Unlike neighboring states, with landscapes heavily changed by glaciations during the Pleistocene, ice sheets only reached Covington, Kentucky. Glaciation changed the course of the Ohio River, in the vicinity of Louisville and Cincinnati where glacial melt waters filled the valley with sand and gravel. Lake bottom sediments deposited locally where the Kentucky, Green, Licking and Salt rivers were temporarily impounded by glacial debris.

==Natural resource geology==
Kentucky has extensive natural resources. Coal mining in Kentucky targets bituminous coal, which has played an important role in the state's economy for decades. In addition to coal and hydrocarbons, sand, gravel, dolomite and limestone are important resources. Unlike many areas, much of the sand production was from floating dredgers on the Ohio River, rather than exclusively dry-land quarries. In 1982, Kentucky ranked fourth among US states in clay production. Prior to 1979, three-quarters of the fluorspar produced in the US is sourced from the Illinois-Kentucky fluorspar district. The state legislature formed the Department for Natural Resources and the Environment in 1972.

Throughout the 1970s and 1980s, Kentucky led the US in coal production.

A well drilled in 1819 in salt water, in the South Fork of the Cumberland River revealed the first indications of petroleum in Kentucky. A rush to produce paraffin from oil in the 1850s prompted discoveries in Clinton, Cumberland, Allen, Barren, Meade, Wayne and Russell counties. A total of 4,755 barrels were produced in 1883. Major discoveries came after 1900, including the Big Sandy gas field, in Floyd County, Warfield Fork gas pool, Big Sinking pool, Campton pool, Sunnybrook pool and Ragland pool. Henderson County grew as a source, leading state production by the 1930s and World War II. The Greensburg pool in Green County was a major source found in the late 1950s, helping to drive total production to 27.27 million barrels by 1959.

The state legislature passed a drilling regulation in 1960 requiring permits for wells and creating the Water Pollution Control Commission.
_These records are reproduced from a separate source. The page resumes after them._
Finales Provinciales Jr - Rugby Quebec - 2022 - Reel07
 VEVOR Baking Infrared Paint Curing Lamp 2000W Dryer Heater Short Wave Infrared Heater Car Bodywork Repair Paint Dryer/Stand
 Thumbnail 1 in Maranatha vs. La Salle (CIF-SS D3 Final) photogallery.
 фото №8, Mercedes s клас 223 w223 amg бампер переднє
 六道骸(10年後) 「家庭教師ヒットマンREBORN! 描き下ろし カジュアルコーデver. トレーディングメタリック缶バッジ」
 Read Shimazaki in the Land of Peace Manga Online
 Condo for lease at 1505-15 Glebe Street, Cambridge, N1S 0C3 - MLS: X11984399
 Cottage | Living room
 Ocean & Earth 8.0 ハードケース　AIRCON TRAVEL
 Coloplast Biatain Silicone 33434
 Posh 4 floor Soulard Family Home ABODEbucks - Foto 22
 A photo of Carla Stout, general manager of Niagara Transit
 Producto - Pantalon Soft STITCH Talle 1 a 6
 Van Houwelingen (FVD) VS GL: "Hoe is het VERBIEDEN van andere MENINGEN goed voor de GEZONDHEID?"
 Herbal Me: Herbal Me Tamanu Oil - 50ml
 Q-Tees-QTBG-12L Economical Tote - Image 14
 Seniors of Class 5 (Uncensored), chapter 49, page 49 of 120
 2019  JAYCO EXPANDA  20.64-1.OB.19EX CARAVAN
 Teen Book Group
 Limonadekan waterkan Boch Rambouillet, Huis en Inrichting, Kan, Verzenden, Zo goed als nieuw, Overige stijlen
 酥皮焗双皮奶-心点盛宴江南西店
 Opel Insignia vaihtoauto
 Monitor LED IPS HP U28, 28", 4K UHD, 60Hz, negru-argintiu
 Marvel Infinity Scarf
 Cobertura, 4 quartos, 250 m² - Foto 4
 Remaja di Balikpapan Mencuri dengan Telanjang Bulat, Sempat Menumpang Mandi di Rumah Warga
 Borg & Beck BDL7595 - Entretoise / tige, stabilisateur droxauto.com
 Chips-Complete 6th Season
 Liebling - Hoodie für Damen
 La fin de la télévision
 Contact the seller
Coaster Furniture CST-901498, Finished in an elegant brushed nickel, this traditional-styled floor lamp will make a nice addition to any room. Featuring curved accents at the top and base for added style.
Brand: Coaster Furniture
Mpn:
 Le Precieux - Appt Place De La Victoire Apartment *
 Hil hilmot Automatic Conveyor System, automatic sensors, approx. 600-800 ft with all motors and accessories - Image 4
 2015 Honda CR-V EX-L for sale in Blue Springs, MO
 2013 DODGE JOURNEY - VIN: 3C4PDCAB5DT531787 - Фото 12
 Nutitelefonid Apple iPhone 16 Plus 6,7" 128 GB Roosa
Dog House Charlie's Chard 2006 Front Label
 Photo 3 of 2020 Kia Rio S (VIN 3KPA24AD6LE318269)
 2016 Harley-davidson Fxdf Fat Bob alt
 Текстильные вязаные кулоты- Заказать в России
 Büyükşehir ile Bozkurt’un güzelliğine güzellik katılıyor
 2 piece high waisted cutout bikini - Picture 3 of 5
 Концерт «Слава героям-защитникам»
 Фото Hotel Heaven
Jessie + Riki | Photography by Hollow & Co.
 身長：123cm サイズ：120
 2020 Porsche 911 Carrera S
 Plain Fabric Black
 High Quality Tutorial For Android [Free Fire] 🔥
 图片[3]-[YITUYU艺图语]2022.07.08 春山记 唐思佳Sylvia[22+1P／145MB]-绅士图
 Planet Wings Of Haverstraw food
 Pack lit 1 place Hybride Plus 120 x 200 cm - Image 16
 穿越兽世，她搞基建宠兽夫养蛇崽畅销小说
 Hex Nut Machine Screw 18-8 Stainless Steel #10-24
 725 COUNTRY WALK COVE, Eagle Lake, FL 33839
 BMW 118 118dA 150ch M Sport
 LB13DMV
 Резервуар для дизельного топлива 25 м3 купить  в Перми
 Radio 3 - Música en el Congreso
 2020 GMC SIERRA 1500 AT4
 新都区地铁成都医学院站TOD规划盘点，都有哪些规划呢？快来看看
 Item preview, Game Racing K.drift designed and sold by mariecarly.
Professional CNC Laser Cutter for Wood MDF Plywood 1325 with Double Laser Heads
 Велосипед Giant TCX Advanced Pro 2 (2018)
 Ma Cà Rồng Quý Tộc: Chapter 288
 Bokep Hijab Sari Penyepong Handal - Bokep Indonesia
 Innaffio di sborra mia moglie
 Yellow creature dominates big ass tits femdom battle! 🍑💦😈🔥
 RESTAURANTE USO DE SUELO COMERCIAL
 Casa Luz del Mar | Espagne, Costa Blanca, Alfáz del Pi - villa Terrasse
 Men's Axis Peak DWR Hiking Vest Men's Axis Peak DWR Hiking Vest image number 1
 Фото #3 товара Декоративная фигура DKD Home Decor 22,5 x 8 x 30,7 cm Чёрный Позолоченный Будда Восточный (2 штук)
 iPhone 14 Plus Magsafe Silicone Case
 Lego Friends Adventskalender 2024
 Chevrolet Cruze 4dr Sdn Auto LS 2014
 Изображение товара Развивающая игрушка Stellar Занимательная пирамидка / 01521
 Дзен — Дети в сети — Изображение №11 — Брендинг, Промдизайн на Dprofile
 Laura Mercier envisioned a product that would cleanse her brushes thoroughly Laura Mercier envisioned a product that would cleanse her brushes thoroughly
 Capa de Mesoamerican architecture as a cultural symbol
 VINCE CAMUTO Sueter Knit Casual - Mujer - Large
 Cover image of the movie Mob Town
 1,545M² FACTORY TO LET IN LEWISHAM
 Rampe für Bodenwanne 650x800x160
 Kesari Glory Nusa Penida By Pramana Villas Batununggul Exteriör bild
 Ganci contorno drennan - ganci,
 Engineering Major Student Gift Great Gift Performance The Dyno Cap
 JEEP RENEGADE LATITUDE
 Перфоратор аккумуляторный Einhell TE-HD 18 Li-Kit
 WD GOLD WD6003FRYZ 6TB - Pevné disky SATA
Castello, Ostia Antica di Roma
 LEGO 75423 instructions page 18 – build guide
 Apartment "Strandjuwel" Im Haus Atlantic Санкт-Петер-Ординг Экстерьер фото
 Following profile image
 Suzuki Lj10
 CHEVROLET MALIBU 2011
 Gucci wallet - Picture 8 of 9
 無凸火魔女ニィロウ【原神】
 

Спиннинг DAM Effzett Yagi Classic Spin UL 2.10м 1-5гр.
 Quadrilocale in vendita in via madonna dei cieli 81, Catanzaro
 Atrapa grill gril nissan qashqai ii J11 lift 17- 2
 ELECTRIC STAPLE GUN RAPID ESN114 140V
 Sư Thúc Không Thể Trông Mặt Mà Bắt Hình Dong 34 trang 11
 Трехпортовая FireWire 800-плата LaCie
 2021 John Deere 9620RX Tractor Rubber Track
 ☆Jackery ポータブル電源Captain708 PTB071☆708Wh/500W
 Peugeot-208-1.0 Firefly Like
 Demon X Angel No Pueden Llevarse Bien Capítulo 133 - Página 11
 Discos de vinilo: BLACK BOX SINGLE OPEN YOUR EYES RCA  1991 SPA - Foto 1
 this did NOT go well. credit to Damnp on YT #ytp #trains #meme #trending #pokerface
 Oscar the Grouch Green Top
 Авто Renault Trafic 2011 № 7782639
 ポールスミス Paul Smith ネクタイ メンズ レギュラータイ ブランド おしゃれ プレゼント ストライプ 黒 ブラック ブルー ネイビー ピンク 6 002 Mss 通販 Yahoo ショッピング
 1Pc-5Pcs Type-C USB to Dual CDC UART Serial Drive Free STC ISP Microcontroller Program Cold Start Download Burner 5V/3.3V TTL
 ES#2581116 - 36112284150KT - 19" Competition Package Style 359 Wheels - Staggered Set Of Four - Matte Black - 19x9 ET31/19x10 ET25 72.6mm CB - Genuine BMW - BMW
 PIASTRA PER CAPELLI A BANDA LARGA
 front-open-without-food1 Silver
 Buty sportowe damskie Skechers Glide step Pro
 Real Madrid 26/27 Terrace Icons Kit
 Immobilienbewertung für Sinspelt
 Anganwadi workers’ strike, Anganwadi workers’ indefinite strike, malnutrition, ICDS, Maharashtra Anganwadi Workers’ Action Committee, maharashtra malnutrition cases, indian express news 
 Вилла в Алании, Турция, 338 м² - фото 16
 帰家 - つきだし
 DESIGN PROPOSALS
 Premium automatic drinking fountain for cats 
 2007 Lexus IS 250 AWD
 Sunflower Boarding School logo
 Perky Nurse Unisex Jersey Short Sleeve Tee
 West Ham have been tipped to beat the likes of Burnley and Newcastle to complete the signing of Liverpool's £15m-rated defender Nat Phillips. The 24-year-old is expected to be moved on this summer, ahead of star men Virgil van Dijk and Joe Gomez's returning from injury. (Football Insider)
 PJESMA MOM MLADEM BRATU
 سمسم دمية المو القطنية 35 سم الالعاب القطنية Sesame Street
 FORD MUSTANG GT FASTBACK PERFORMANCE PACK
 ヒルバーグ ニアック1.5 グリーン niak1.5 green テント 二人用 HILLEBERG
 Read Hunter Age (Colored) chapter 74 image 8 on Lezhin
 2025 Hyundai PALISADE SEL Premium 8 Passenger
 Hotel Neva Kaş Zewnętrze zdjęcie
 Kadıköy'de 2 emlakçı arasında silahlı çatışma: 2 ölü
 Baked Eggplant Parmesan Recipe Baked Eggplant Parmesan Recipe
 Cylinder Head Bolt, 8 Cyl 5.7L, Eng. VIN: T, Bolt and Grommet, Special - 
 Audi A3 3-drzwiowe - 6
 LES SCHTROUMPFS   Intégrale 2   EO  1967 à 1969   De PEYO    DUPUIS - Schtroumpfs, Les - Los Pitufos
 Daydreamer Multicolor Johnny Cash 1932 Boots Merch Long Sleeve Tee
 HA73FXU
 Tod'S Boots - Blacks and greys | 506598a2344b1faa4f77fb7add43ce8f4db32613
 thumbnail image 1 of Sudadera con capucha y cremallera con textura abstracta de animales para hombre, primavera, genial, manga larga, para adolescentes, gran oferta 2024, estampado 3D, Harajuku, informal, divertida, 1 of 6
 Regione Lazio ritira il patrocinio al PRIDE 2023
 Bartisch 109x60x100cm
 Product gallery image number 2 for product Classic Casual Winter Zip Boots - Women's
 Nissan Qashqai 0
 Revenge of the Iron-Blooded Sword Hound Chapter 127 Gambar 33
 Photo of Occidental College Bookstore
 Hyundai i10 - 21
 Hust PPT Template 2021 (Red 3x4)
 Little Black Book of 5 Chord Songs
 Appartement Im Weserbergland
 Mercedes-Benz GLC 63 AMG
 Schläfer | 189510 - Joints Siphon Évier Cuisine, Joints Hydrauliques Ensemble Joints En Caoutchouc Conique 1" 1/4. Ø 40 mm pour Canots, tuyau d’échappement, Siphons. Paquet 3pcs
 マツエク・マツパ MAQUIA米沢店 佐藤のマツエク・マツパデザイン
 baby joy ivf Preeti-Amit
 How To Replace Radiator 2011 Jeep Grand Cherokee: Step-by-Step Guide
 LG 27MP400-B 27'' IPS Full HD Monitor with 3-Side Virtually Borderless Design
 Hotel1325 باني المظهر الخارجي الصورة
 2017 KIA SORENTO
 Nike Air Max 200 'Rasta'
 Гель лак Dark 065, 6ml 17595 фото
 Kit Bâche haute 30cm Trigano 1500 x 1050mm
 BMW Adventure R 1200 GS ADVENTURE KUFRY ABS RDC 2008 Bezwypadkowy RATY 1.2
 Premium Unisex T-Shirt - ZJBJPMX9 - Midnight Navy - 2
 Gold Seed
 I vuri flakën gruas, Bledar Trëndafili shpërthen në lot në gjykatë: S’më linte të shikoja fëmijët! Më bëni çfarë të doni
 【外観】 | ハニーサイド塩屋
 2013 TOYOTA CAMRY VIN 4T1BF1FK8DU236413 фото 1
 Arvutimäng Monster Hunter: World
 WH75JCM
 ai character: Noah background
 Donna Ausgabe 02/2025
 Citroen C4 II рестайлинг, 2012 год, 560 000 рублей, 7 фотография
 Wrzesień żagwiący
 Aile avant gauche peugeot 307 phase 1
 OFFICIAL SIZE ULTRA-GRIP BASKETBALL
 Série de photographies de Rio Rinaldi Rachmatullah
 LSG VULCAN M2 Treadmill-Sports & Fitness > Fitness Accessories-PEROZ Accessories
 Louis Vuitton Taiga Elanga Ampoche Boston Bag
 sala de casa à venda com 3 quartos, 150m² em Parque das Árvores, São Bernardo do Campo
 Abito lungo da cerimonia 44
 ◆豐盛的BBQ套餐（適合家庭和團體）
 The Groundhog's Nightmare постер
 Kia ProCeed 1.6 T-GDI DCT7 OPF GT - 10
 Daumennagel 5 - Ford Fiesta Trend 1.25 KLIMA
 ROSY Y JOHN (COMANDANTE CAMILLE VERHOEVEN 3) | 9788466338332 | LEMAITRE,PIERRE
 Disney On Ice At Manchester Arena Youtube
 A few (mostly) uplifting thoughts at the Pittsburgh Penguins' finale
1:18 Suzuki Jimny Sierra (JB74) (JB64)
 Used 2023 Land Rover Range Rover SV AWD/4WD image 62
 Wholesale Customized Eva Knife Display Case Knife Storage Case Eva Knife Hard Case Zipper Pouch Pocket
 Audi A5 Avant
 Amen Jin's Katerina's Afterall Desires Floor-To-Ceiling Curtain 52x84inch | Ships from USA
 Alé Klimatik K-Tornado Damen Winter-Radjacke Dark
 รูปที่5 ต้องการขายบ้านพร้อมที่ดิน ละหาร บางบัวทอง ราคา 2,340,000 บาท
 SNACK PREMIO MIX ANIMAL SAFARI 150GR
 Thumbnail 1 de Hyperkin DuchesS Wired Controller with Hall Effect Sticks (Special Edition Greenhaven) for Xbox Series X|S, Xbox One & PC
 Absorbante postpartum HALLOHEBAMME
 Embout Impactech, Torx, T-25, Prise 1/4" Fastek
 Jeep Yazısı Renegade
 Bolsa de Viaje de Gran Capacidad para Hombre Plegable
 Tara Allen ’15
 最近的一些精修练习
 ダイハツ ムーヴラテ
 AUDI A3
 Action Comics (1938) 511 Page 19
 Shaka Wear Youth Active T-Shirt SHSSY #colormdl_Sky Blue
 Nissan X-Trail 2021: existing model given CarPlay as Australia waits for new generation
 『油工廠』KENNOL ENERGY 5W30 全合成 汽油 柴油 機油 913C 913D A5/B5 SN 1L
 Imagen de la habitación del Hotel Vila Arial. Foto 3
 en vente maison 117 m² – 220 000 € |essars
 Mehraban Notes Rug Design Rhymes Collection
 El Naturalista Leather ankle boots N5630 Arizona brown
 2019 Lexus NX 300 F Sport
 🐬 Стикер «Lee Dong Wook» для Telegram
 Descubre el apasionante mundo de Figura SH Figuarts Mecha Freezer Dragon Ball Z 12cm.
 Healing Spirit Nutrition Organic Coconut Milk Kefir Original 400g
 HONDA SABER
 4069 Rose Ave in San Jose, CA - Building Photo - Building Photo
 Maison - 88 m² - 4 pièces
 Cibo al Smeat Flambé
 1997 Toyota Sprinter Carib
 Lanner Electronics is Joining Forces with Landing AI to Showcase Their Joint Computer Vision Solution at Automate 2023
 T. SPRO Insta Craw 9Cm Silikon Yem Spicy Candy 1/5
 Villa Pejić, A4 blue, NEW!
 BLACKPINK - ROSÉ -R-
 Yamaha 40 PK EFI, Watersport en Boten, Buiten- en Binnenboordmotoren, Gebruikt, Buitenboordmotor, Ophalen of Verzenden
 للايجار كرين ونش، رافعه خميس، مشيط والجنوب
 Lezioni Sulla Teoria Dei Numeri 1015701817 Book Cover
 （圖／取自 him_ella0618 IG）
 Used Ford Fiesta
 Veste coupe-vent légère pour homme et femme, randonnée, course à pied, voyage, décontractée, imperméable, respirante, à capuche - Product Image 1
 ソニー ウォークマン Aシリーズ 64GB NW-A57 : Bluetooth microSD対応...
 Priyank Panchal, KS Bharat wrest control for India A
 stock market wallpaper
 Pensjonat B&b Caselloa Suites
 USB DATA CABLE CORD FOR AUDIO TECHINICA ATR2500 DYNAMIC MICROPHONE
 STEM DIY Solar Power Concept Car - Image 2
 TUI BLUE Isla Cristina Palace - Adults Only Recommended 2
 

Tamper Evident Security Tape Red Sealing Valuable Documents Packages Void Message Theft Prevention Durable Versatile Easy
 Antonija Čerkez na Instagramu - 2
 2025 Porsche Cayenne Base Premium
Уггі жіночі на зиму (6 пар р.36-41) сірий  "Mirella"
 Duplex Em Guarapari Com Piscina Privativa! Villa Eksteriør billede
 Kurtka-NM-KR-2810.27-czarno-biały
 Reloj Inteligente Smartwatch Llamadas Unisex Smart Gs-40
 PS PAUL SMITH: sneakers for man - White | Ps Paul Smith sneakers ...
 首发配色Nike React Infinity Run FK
Due to poor record keeping, the exact number of wells is not known. However, the Kentucky Geological Survey estimated a cumulative total of 200,000 wells in 1992, with 23,000 oil wells and 11,000 gas wells producing in 1989. The Eastern Coal Field and Western Coal Field have been the mine sites of production, with little exploration in the Jackson Purchase and Bluegrass regions.